A modern version of Big Brother and the Holding Company with Janis Joplin took the stage next and called themselves Electrovibe. Tiffany sang deep throaty awesome funky blues, but it was really all about the bass. Huge fingers pummeled the instrument in yellow light, playing with the full roundness of palms and fingers; they defined the word "whomp". The drums, keyboard and guitar all complemented this soulful sound and my arms began throwing themselves from bent elbows.
My entire body joined in when new monsoon headlined the main stage with seven men showcasing different sounds in turn (it was a Thai, Brazilian, Indian, Cuban, hamburger joint that hasn't decided which meal works best so they serve them all). I was drawn to the percussion of Brian Carey, playing the wooden side of his congas with drumsticks at times, while Rajiv Parikh sat cross-legged massaging the tabla's unique sound at the lip of the stage with fast rubber fingers.
Trekking back to my camp at night I crossed out of the festival world into a weekend camping trip along a quiet gurgling river with late night campfires. A hint of festival remained with a large parachute canopy creation flashing lights and playing gentle transient music while shadows of people morphed within.
Rivers can flow in delicate currents, swirling and rippling like intricate mosaics; they can rush and pound in rapids through a maze of rocks; and sometimes they gurgle, blip, and splash you in the face, and all you can do is laugh. Ten Ton Chicken flowed in the latter manner on Friday with songs about bad bad cream, salmonella and other light indigestible tunes. They were pure fun entertainment with an animated saxophone player materializing jester energy in his sleeveless Warriors jersey growling periodically, like Teen Wolf, and squiggling and wiggling around stage with a goofy dance and funny faces, while the keyboardist smacked a tambourine against his shoulder at times as if his arm had mutinied and taunted, "Stop hitting yourself, stop hitting yourself."

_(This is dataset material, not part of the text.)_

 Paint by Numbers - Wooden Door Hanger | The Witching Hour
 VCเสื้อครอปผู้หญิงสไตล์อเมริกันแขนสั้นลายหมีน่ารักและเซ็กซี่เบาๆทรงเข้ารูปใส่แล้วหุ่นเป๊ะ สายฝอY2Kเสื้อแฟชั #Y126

The Big Wu are masters of a different kind of fun energy that dissipates into free-flowing currents of high-energy and gentle jams. They definitely fit into this Grateful Dead niche of music, thriving on extended jams and unmapped musical explorations, as Chris Castino exemplified when he asked, "Ever not know what you're doing? It feels good, not knowing, living the unknown. Okay, we're gonna, not play this one." They're a couple of regular guys playing good music and I've come to appreciate their Wu stylings more and more since this year's Big Wu Family Reunion. I watched them during the slower songs, amazed that it sounded slow. Chris, on guitar, and Terry VanDeWalker, on drums, played intensely and creatively with sounds and off-beats. The bass and keys threaded long mellow notes that left room for experimentation while maintaining a coherent song. They were joined by a few guests (Willie Waldman on trumpet, Norton Wisdom expressing their music in paint form, and Ben Chambers on bass). They left me feeling the vibrations of all my senses stimulated, still pulsing through the current--though it was gone (the fate of live music), it remained an invisible imprint on my unfolding present.
The present which unfolded directly into the funky grooves of Tea Leaf Green, and like a magician's scarf, continued to unfold through the night to early morning. They played upbeat, intense water music--my body flowed without thought and dove into their sound. "You go girl," and "Fuck yeah," men shouted at me as if I had a choice in dancing. Don't they feel the music too? I didn't decide to dance; the music got me and it didn't let go, not even when my feet plastered themselves to the squash-yellow carpet in front of the main stage, leaving the rest of my limbs flailing and grooving like a plastic moose toy that jiggles and wiggles as if all its joints suddenly inverted in goofy spasms when you push the button underneath.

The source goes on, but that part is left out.